Sorry, for super long comment... but I think you have a great idea!
Posted by: Jane | Thursday, January 07, 2010 at 09:55 PM
So true- excellent post/idea. With my first kid I lived in a different city and had no family nearby. My husband took a week off and then I was on my own with this wee little thing. I felt very alone. By the time my second kid was born we had moved to a different neighborhood with a crazy awesome supportive network of moms. Anytime a baby is born in our little neighborhood, an email with a list of meal dates goes out to all the other mamas and we all sign up to make meals for the new baby's family. After my boy was born, I literally didn't make a dinner for two months. The other moms just GET that help with anything is so huge. Dinner and a quick little visit really brighten up some of those exhausting days. Your idea of bringing support to new moms is wonderful and so, so needed.
Posted by: Alex | Thursday, January 07, 2010 at 09:55 PM
I love big ideas and I love putting it out there. . . . I can't wait to see where this project takes you.
Posted by: Katy | Thursday, January 07, 2010 at 11:35 PM
I love this project, Jennie. And anything I can do to help, count me in.
I SO agree with the "Polite No", omg, I do. I used it daily (still do, actually). I felt like I was admitting defeat/failure or something, I don't know. It's a hard thing to give in to.
Posted by: Megan | Friday, January 08, 2010 at 12:05 AM
I spoke to and saw only few people after giving birth. The people who could have actually helped and encouraged me were those who stayed away because I asked not to have too many visits. Instead we had visits and phone calls from those who didn't help one bit, those who had had easy babies, those who kept saying "I don't really remember, but you're probably right. It's tough now, but you will forget it in no time". I felt like a complete failure because I kept thinking it was way harder than I had ever expected. It took me three months to realise that not two babies are alike and that we had gotten one that needed to be gently introduced to the world.
Posted by: Drew | Friday, January 08, 2010 at 03:21 AM
This is an awesome idea and I'm going to work so hard on remembering this as I enter the phase of my life where friends start having babies.

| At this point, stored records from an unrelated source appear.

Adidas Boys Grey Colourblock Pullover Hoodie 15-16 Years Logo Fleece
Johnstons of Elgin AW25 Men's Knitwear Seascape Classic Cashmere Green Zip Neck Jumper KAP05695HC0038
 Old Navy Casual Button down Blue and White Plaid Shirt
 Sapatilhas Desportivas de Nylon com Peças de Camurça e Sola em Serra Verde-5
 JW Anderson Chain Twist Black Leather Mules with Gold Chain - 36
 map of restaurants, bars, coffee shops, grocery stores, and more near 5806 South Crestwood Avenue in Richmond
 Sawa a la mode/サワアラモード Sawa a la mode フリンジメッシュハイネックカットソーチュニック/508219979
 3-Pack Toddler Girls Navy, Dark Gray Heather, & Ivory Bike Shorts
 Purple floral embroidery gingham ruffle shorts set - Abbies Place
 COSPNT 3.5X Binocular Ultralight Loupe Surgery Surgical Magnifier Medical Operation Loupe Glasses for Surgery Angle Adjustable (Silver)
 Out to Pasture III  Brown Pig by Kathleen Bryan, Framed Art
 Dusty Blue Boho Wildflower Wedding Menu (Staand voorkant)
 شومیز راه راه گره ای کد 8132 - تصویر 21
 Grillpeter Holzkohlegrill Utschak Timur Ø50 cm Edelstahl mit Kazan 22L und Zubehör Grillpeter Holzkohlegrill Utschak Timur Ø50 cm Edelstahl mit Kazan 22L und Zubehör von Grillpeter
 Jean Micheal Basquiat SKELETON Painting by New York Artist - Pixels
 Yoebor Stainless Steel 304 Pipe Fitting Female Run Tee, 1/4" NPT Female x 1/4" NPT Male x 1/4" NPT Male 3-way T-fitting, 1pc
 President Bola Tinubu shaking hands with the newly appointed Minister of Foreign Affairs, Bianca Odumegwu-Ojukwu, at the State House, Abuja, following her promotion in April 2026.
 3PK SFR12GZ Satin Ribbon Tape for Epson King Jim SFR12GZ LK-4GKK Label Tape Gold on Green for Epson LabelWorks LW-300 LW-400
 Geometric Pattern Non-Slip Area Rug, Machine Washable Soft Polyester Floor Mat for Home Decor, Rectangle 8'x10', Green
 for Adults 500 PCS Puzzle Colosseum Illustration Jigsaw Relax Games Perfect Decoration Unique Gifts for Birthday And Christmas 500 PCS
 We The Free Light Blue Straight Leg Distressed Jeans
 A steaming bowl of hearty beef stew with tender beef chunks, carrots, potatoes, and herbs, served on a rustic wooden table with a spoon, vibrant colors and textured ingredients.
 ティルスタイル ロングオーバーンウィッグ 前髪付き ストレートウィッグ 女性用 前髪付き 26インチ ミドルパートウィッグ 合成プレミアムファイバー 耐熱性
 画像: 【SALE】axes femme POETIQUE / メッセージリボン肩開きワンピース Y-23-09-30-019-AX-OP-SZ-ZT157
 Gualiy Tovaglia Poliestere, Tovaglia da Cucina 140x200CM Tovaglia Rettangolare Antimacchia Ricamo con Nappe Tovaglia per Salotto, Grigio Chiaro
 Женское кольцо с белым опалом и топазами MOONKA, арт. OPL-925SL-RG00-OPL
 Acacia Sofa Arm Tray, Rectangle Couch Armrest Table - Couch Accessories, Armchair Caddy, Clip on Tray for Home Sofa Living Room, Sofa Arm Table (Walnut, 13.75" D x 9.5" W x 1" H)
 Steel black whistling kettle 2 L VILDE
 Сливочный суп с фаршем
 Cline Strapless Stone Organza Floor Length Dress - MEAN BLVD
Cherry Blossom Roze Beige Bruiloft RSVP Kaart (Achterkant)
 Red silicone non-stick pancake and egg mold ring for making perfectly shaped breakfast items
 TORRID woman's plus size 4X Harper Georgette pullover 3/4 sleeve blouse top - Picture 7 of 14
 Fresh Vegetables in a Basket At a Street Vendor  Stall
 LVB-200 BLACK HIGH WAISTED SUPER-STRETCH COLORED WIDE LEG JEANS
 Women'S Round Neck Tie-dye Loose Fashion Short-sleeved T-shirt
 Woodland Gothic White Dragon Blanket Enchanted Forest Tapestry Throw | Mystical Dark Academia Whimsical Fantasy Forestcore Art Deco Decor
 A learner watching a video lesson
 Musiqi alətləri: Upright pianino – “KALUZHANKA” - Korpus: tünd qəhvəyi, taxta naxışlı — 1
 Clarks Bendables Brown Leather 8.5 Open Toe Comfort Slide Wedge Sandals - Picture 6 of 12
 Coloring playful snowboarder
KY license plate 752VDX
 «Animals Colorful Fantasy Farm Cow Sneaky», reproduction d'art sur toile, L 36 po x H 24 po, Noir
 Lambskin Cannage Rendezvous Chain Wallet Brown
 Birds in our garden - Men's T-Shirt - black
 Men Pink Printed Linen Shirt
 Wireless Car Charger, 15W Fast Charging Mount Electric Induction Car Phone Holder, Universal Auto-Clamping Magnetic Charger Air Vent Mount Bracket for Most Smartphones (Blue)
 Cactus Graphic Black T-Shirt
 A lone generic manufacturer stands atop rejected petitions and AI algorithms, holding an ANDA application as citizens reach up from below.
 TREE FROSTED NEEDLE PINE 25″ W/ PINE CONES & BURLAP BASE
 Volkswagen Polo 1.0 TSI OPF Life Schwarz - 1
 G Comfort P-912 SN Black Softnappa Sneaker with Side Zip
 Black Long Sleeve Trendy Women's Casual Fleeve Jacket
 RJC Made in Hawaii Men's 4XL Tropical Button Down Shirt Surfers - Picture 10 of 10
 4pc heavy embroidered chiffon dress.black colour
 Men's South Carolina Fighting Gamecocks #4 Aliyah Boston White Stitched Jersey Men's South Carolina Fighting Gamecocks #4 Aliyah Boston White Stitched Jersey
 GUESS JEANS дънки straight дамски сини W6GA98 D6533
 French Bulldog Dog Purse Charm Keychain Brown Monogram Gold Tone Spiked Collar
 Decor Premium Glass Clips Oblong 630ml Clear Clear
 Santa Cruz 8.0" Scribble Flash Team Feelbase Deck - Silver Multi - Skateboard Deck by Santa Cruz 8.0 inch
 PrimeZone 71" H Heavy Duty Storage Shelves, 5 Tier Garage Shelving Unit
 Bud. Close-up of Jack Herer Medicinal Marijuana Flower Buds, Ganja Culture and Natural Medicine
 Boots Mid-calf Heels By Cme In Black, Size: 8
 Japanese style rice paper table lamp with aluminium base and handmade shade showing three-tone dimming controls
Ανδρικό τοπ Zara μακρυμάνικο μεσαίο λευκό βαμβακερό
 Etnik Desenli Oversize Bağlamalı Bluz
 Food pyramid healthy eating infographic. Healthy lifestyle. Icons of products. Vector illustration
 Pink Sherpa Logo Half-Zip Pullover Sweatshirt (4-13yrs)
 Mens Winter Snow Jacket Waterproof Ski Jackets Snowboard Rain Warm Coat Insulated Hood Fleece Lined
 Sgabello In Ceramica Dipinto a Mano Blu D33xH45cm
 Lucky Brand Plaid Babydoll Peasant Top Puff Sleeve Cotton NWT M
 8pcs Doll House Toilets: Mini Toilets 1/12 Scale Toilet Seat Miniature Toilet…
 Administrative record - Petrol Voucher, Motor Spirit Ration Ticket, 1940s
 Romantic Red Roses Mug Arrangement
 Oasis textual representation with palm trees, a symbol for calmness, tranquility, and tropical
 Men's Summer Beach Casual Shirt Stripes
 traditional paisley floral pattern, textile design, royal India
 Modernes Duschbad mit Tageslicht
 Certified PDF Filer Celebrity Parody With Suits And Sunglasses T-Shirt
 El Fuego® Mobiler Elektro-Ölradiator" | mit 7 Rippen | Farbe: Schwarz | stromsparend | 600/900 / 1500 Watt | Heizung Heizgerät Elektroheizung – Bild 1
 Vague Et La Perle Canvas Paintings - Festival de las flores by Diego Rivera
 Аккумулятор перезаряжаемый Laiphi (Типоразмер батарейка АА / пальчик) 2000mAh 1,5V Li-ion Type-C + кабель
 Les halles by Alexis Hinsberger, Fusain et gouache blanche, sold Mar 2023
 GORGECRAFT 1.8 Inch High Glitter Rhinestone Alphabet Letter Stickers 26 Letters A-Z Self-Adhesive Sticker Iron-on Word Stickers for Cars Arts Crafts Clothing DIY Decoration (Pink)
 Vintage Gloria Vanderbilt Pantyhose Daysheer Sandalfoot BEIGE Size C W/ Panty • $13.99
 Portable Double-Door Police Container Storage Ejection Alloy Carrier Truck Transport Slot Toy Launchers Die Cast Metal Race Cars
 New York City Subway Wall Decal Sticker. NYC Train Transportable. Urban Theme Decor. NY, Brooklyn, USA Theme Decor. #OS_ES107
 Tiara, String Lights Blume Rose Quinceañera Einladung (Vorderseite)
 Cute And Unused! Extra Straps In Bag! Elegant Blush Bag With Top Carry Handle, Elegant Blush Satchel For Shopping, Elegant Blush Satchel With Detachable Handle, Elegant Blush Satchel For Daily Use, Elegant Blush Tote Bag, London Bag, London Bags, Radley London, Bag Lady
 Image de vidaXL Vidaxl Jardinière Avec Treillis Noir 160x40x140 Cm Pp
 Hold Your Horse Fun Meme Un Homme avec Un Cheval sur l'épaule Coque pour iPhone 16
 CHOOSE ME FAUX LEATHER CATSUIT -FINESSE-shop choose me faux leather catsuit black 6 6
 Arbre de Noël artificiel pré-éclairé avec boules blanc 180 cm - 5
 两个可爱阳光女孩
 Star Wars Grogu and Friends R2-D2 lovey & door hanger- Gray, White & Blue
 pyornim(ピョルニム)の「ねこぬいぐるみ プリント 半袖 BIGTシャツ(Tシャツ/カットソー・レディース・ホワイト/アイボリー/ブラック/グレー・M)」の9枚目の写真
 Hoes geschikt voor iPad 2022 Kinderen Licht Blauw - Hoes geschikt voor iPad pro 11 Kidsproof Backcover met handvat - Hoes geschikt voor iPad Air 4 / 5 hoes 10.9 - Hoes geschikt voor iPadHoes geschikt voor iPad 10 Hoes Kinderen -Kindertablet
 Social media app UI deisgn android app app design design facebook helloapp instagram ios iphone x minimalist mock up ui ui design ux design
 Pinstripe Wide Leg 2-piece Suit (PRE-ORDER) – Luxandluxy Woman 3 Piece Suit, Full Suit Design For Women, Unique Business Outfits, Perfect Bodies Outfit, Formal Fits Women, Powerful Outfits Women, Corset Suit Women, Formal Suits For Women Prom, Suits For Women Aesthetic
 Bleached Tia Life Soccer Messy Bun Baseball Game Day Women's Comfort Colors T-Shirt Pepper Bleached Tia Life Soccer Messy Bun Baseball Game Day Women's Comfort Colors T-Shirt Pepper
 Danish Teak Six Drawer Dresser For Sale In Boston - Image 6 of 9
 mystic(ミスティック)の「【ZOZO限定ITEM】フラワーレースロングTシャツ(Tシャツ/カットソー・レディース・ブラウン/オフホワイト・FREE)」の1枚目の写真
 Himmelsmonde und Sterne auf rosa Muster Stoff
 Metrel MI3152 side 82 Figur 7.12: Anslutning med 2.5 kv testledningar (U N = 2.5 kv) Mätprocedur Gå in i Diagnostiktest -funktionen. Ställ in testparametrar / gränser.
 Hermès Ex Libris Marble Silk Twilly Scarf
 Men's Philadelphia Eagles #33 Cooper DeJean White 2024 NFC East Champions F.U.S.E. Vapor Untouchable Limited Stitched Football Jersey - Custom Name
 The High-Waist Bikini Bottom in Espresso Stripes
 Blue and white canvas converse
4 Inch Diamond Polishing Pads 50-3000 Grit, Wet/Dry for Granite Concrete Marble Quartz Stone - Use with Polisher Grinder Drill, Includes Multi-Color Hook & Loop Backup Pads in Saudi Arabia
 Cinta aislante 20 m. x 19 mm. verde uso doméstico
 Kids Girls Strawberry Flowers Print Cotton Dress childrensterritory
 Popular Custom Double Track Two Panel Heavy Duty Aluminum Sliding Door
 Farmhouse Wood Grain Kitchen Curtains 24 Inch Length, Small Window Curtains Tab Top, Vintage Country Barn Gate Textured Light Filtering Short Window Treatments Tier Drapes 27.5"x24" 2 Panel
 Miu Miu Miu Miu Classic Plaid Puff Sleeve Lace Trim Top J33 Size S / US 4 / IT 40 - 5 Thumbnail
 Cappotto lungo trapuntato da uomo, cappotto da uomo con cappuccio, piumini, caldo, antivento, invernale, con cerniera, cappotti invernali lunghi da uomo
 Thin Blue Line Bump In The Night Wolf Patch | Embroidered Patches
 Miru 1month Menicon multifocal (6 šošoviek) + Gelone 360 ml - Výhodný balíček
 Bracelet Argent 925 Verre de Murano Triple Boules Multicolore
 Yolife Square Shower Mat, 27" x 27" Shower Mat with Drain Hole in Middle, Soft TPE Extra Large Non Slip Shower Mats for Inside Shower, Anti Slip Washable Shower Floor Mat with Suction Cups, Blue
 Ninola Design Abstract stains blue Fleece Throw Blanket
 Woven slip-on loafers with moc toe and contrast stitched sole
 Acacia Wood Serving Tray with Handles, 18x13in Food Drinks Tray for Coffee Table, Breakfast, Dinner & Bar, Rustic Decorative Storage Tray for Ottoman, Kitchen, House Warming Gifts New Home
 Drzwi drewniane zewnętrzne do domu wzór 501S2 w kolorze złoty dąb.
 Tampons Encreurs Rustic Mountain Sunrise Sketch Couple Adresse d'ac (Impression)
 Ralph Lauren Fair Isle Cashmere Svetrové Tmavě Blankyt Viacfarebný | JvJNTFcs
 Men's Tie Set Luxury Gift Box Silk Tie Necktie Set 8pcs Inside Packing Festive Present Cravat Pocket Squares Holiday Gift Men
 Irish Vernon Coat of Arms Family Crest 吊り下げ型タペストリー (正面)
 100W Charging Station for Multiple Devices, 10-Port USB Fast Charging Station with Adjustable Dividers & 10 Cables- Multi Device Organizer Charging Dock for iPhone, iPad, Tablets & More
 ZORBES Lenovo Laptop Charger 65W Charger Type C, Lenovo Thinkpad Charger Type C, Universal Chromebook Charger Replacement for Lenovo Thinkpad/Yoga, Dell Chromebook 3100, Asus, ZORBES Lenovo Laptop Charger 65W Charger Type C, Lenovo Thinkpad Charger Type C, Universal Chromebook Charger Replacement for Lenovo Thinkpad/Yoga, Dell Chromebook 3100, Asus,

Also, I know you had a really hard time at first, but can I just say that however challenging that experience was, it seems to have taught you that you really are a great mom? I see so many new moms freaking out about every little detail and worrying that they aren't good enough and their child is already behind schedule and what if they are damaging their kid for life and so forth. And while I'm sure every parent has these concerns to some extent, what I've felt very strongly from you for a long time is that you know that you're the best mom for Kyle, and it doesn't matter if other people have different parenting styles, because yours is what works for you and your family. And that is such a great sense to have for yourself, and seemingly so rare in relatively new parents.
Posted by: Jess | Friday, January 08, 2010 at 10:41 AM
I also think this is a fabulous idea, and that the "polite no" has to be taken out of the equation. I haven't had my little one yet, but I can already tell you that I will probably use it because I don't want to inconvenience people, even though I know logically that they actually WANT to help. Also, it prevents people who want to do things for you from doing them. Our neighbors recently had a baby, and we would ask them if they needed anything quite often (even offering specifics; can we bring dinner over for you? we are running to the grocery store anyway, is there anything you need? etc...), but they always said no. And the polite person in me didn't want to go against what they said, even though I have a feeling it was a "polite no." I mean, who can't use dinner once in a while?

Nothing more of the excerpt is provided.